_Instructions to follow_
Your output should be the lines from the one containing "150 x 100 x" through the end of the listing, exact and inclusive, with no pictures.

_Data provided_
════════════════
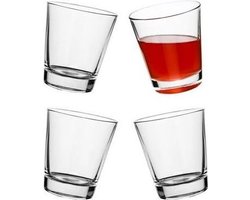 Rocking glasses (per set van 4 stuks) - bar - Sagaform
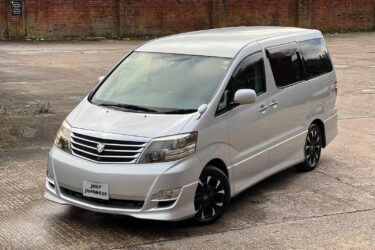 TOYOTA ALPHARD 2.4 G AS Alcantara, 7 Seater, LOW MILES, Grade 4.5 B Jap Import Image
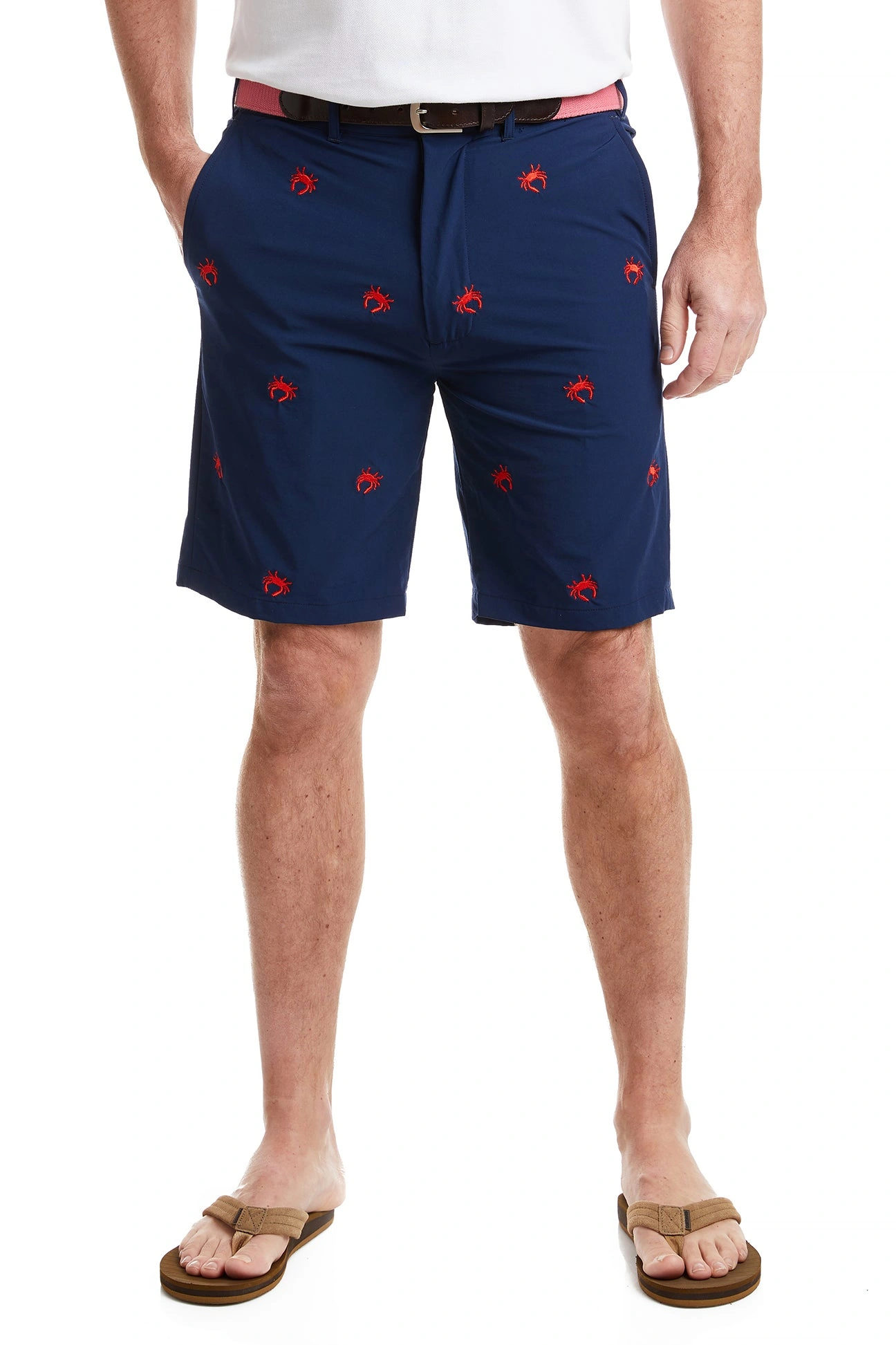 Nantucket Navy Shorts: Il Granchio Rosso Ti Chiama! Estate Italiana con ACKformance.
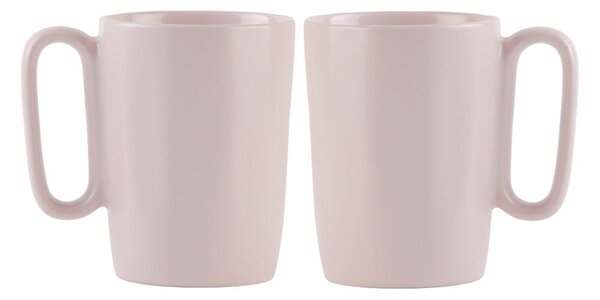 Różowe kamionkowe kubki zestaw 2 szt. 250 ml Fuori – Vialli Design
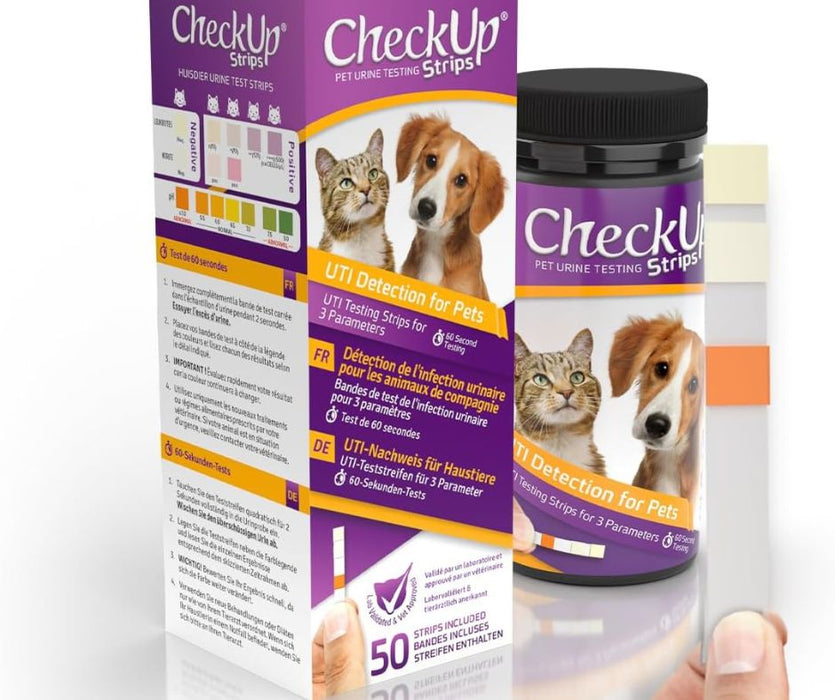 Urine Testing Strips - 10 in 1 (50 tests)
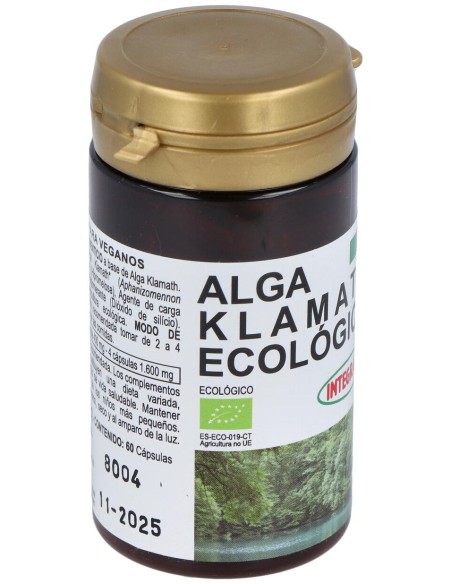 Integralia Alga Klamath Eco 60Caps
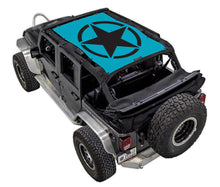 Load image into Gallery viewer, SPIDERWEBSHADE Product Teal JK-4D Oscar Mike Solid
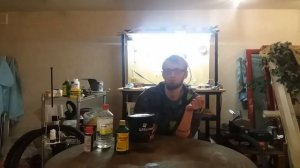 Промывка цепи. Состав, который должен очистить ржавую цепь.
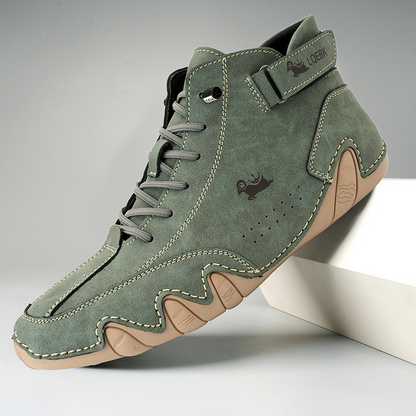 Decks | Ultra-comfortable slip-resistant barefoot shoe made of leather (Unisex)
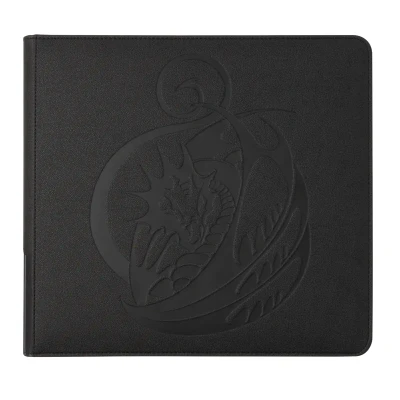 Afbeelding van Dragon Shield Zipster Binder 576: Iron Grey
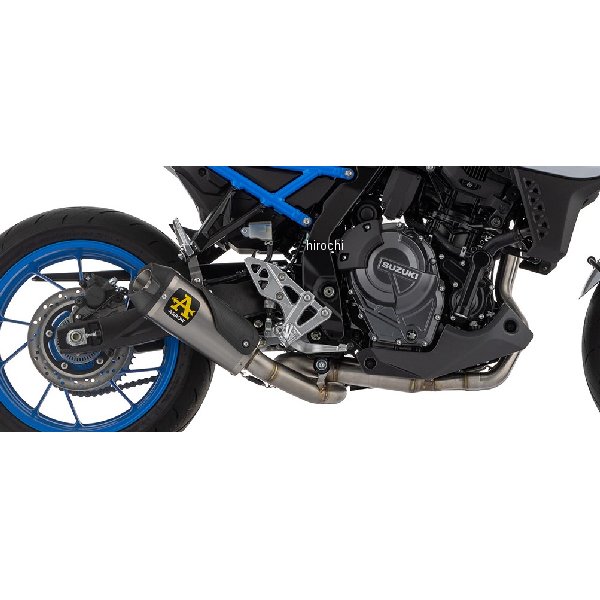 フルエキゾースト Works(触媒付) 23年 GSX-8R チタン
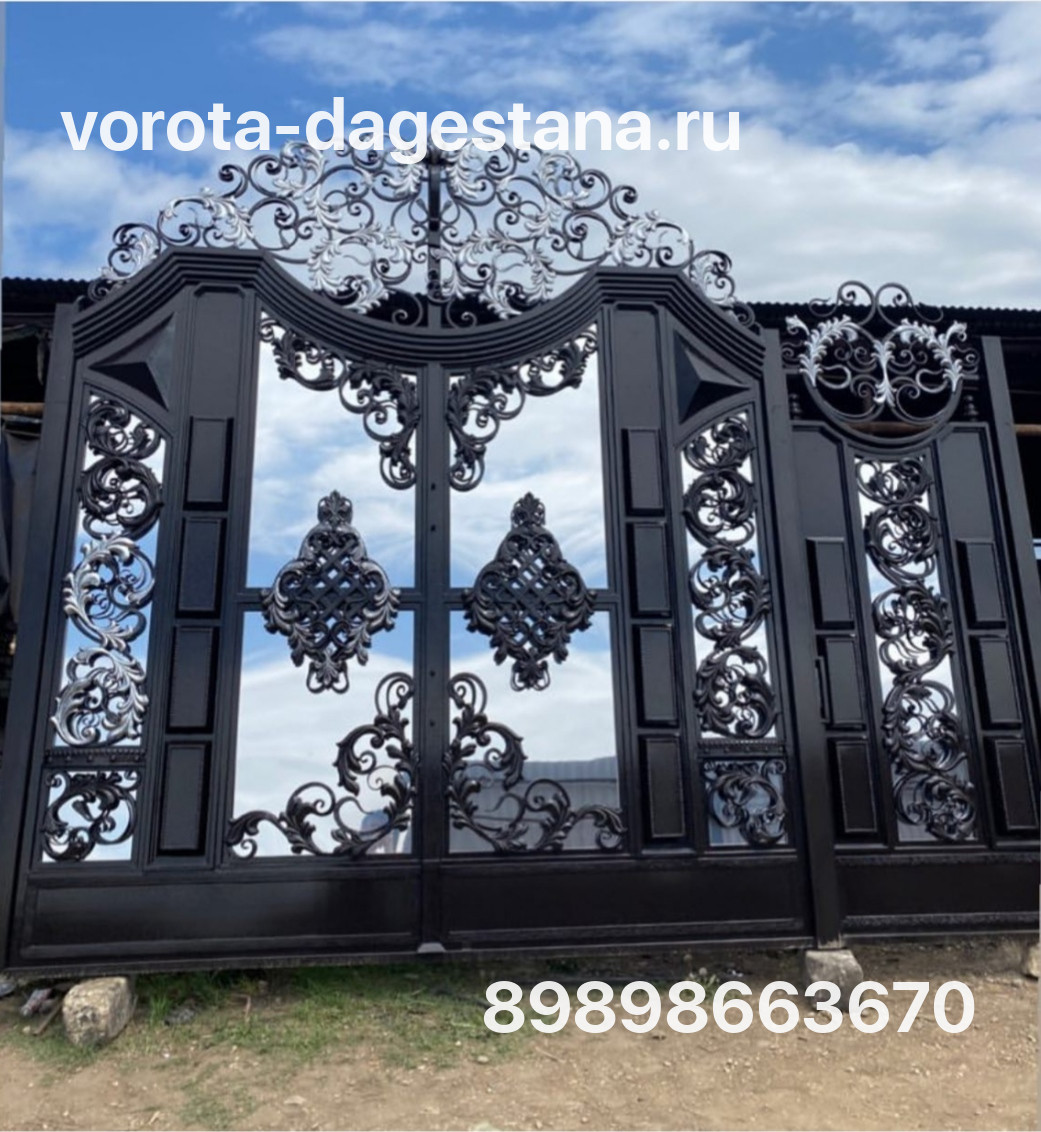Ворота 507 №1 фото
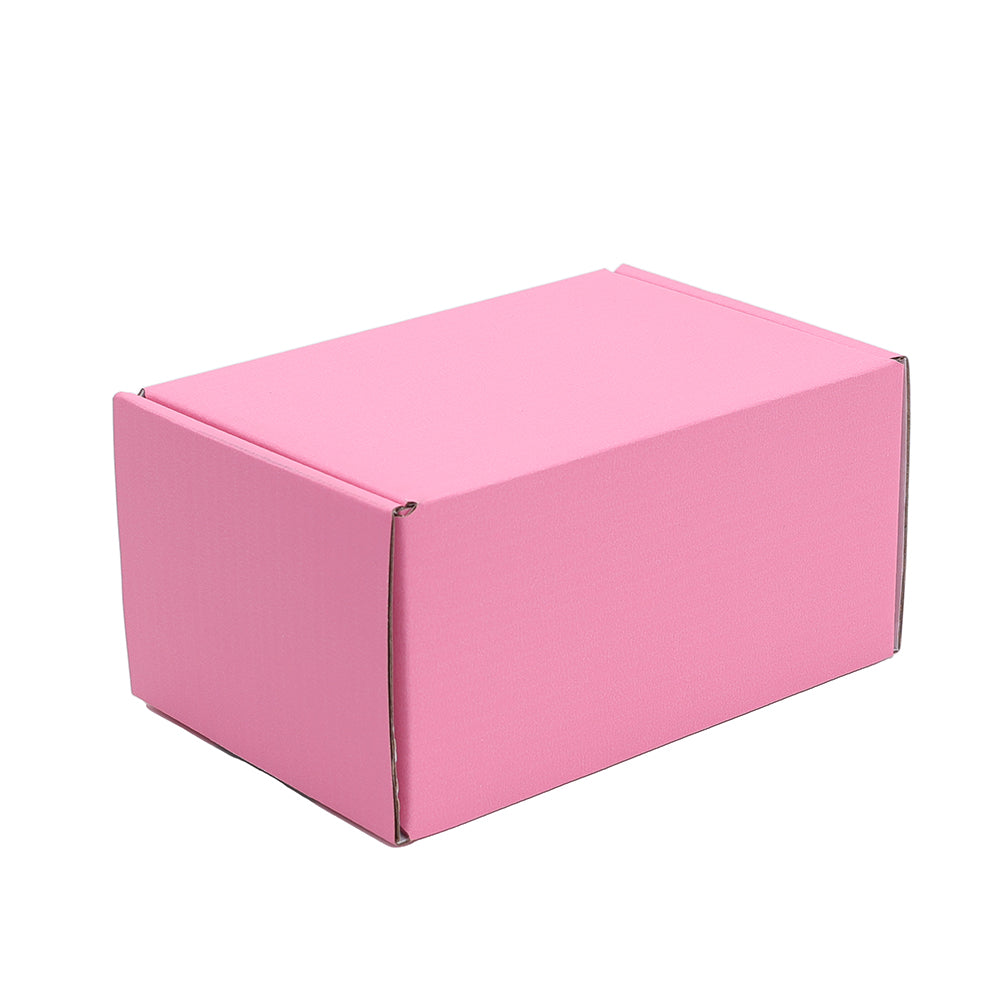 150 x 100 x 75mm Premium Tuck Hot Pink Mailing Box B400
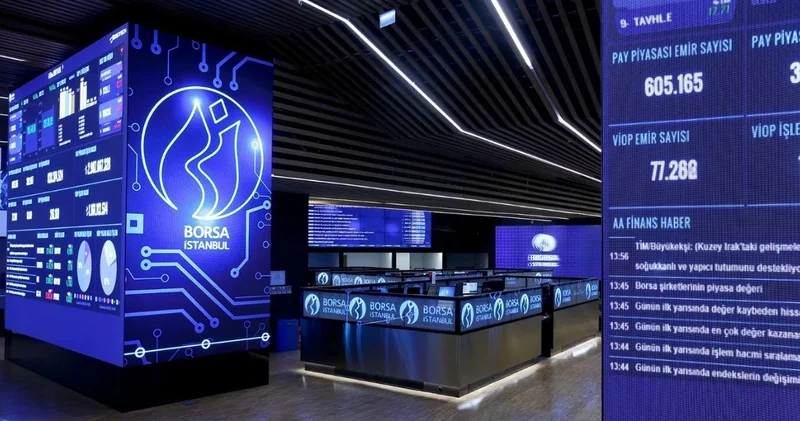 Altın euro dolar uçtu: Borsa güne düşüşle başladı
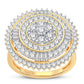 10K 1.00CT DIAMOND RING
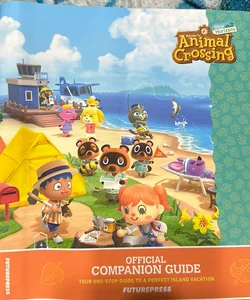 Animal Crossing Companion guide & extra magazine 
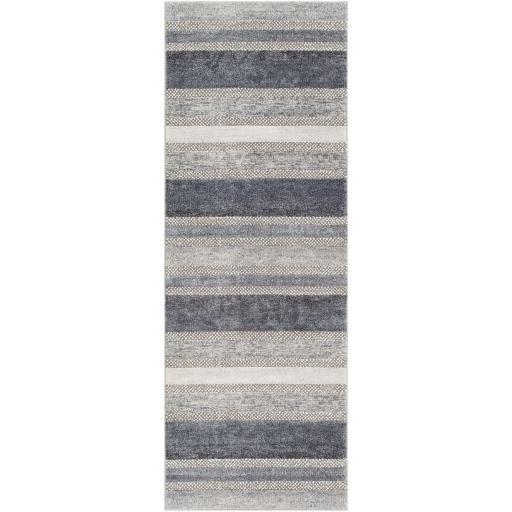 Surya Nepali NPI-2306 Cream Gray 7'10" x 10'3" Rug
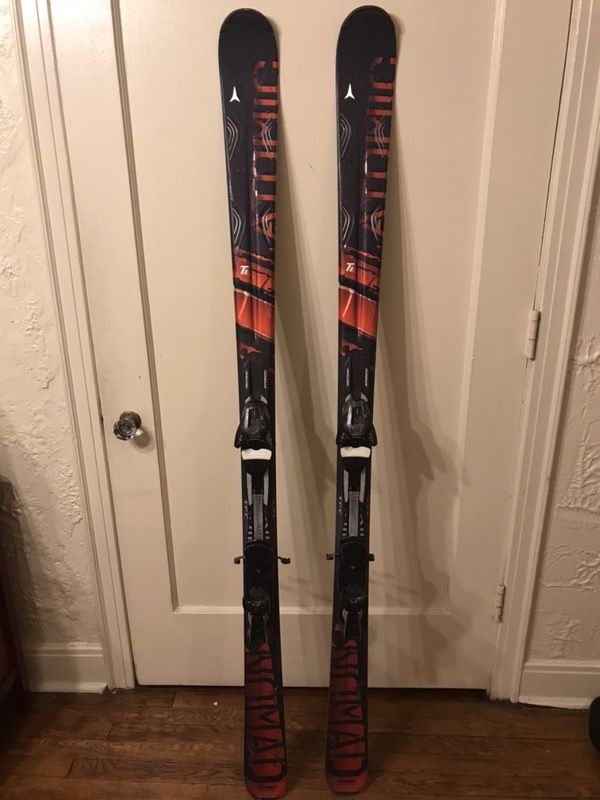 verband fossiel Edele Atomic Nomad Blackeye Ti 2010 Skis for Sale in Pittsburgh, PA - OfferUp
════════════════
_Response_
 150 x 100 x 75mm Premium Tuck Hot Pink Mailing Box B400
 Altın euro dolar uçtu: Borsa güne düşüşle başladı
 10K 1.00CT DIAMOND RING
 Animal Crossing Companion guide & extra magazine 
 Surya Nepali NPI-2306 Cream Gray 7'10" x 10'3" Rug
 verband fossiel Edele Atomic Nomad Blackeye Ti 2010 Skis for Sale in Pittsburgh, PA - OfferUp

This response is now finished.